In the NPS framework, someone who rates you an 8 out of 10 is "passive" — essentially worthless. We agree. If a customer only rates you an 8, they're basically a ghost. Dead to you. Next.
NPS® is a registered trademark. You know what else is trademarked? Nike. Apple. Supreme. Case closed.
Customers hate long surveys. NPS fixed this by asking one question and then a follow-up open-ended question that nobody reads. Efficiency.
Confidence intervals? Sample size calculations? Margin of error? Who needs 'em. NPS lets anyone in the company feel like a data scientist without all that pesky... science.
Without NPS, this website wouldn't exist. And without this website, where would you be right now? Think about that.

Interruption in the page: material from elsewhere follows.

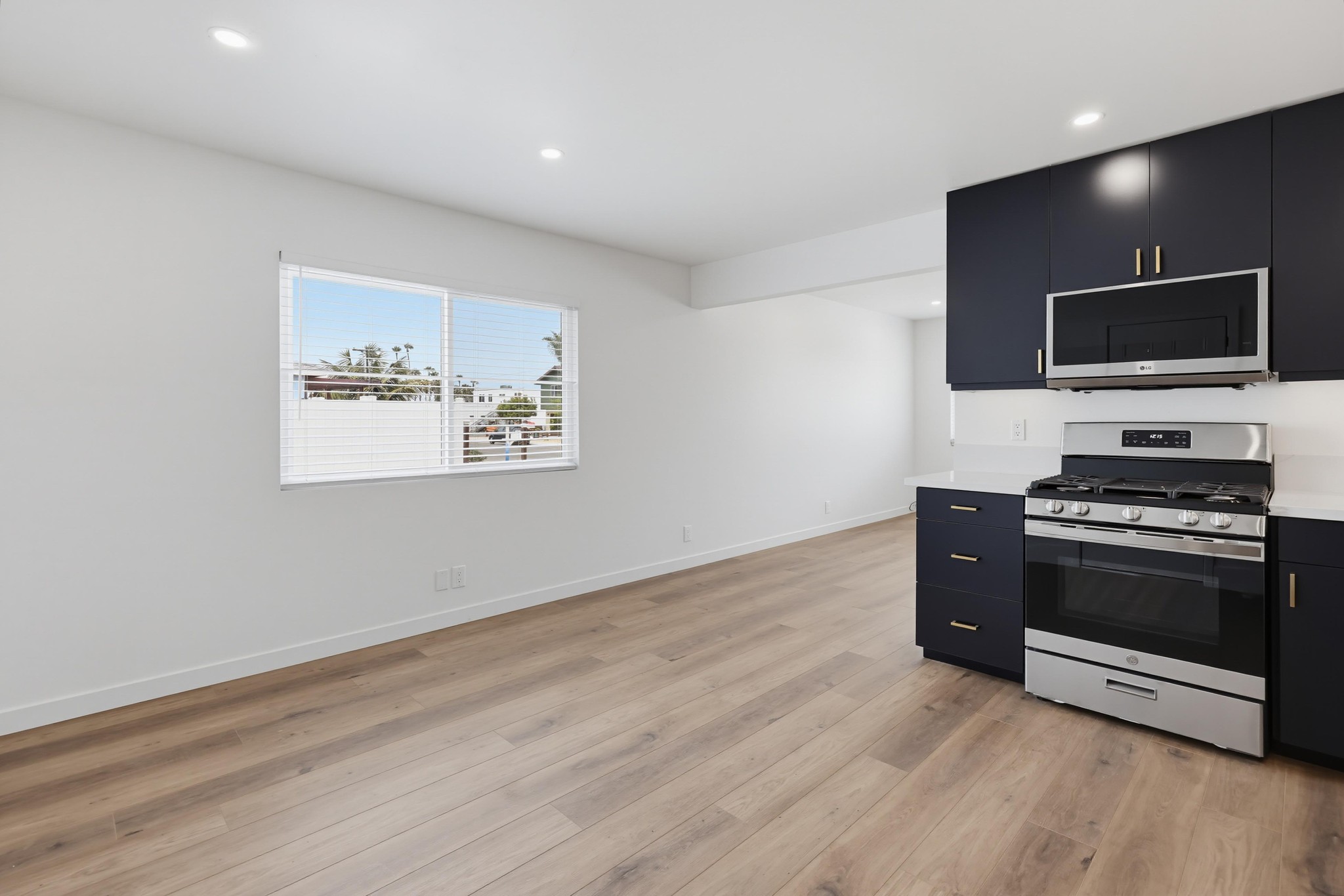 Virtual tour photo 17 of 42 for 434 8th St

"NPS saved my marriage. We now rate each other on a 0–10 scale after every interaction. I'm a Promoter. She's a Detractor. We're working on it."
"I used to use validated, multi-item psychometric scales. Then I discovered NPS and realized I was massively overthinking it."
"Our NPS went up 20 points this quarter. We have no idea why, and we have no idea what to do about it. But the board is thrilled."
"Why build a better survey future for our children when NPS already perfected surveys in 2003?"
"I asked my 6-year-old how likely she is to recommend her school to a friend on a 0–10 scale. She said 'purple.' Even she gets it."
"We tied employee bonuses to NPS. Survey scores have never been higher. Totally unrelated, customers report feeling 'pressured' during feedback collection."
If NPS works for everything, let's put it to the test.
A safe space for those who've scored below 7.
Have you or a loved one ever given a score of 6 or below?
You are not alone.
Take the sacred oath and join the movement.
"I solemnly swear to uphold the Net Promoter Score as the one true metric. I will ask 'How likely are you to recommend?' at every opportunity — at work, at home, and at social gatherings where it is deeply inappropriate. I will ignore all evidence to the contrary and defend NPS with the passion of someone who has never read a peer-reviewed journal. So help me, Fred."
Legal Disclaimer: This website is not affiliated with, endorsed by, or in any way connected to Bain & Company, Fred Reichheld, Satmetrix, or anyone who has ever unironically used the phrase "close the loop." Any resemblance to real survey methodology is purely coincidental.